Your goal
Return the following lines and nothing else: the one holding "Διαμέρισμα για ενοικίαση" and all those after it in the records below, unchanged, minus any pictures.

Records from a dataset
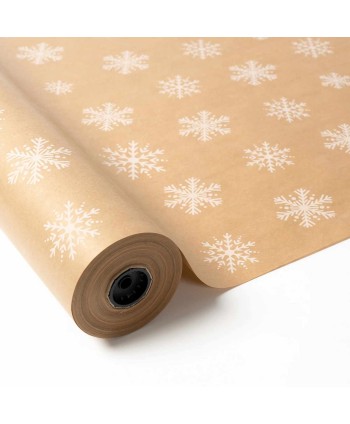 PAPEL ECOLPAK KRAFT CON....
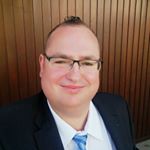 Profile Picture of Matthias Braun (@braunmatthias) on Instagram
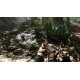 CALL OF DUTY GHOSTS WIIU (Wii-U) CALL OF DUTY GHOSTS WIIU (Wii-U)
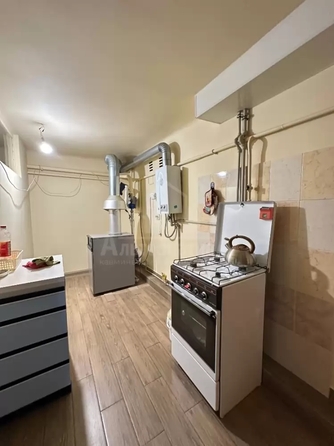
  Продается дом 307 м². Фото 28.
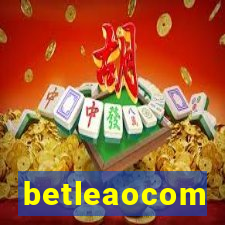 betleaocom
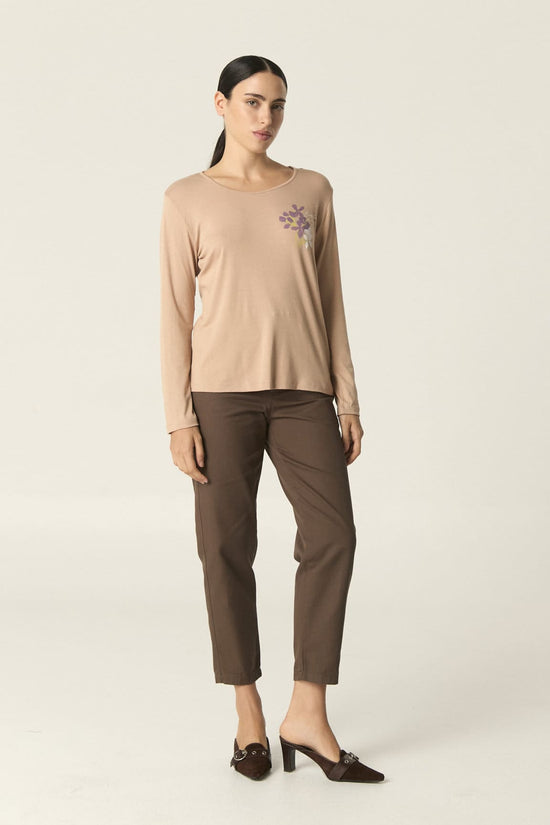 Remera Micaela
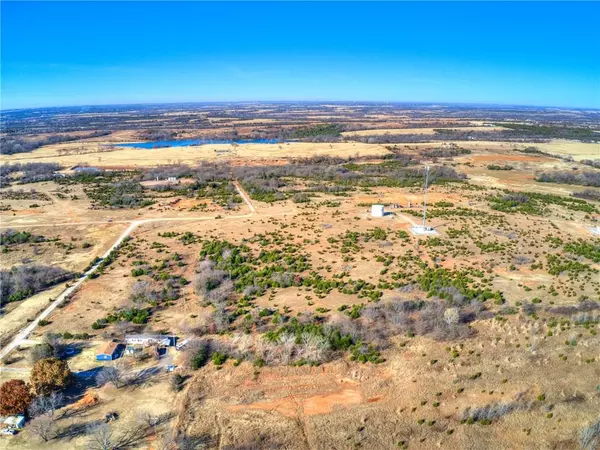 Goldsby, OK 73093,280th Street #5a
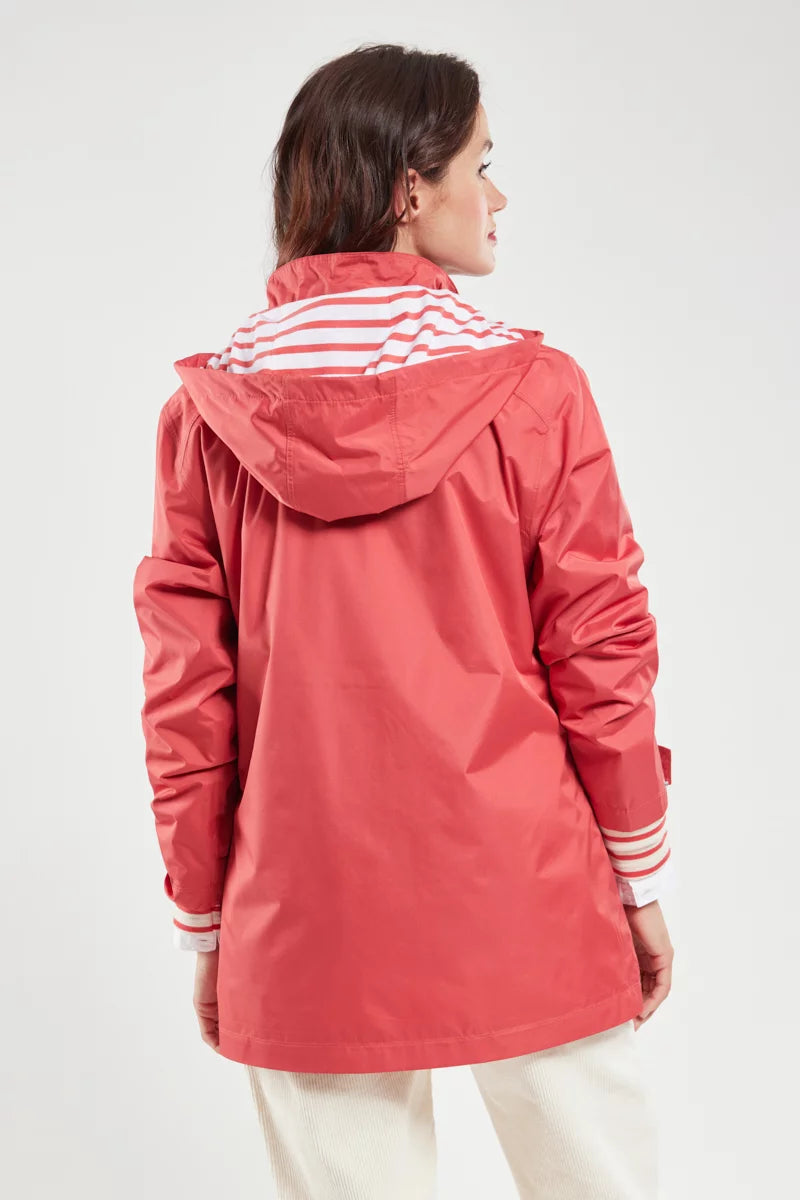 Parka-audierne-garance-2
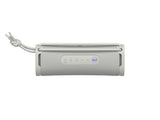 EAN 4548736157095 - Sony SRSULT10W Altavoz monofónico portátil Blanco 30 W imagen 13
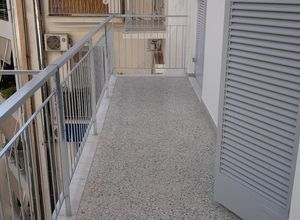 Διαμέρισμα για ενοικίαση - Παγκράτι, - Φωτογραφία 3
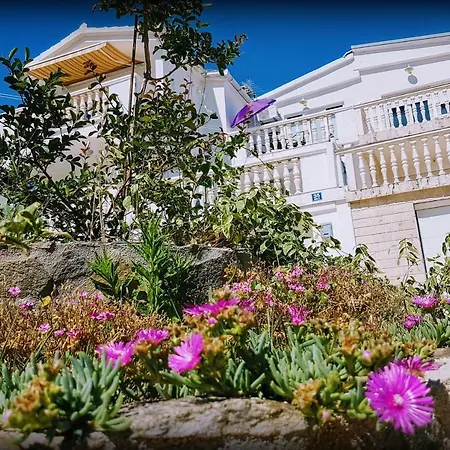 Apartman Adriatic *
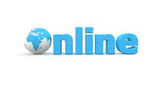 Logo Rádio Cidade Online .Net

Output of the task
 Διαμέρισμα για ενοικίαση - Παγκράτι, - Φωτογραφία 3
 Apartman Adriatic *
 Logo Rádio Cidade Online .Net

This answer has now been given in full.